Saved data entries:

○ ○ ○ ○ ○

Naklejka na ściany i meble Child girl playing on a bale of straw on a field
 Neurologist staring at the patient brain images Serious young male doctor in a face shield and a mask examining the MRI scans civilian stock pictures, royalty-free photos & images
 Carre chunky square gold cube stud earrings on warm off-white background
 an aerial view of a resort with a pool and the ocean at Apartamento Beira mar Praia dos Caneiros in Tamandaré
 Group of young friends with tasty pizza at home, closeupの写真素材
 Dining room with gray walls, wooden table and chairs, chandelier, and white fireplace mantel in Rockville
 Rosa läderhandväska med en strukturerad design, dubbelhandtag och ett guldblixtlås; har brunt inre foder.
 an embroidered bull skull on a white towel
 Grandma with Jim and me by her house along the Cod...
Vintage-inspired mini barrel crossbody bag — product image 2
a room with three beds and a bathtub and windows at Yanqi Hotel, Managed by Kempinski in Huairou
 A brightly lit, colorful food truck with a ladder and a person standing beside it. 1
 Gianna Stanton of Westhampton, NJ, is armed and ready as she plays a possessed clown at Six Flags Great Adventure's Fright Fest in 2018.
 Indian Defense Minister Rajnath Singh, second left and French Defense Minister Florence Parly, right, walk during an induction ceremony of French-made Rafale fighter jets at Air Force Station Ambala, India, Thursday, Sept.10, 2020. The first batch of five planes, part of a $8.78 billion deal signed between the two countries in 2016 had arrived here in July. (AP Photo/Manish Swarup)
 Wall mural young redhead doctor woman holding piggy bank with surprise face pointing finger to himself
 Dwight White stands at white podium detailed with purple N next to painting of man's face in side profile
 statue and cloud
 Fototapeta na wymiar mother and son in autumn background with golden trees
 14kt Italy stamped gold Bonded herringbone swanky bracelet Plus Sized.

○ ○ ○ ○ ○

Exercise brief
Across all lines above, count those with the string "white". Only the number is wanted.

Response to this task
4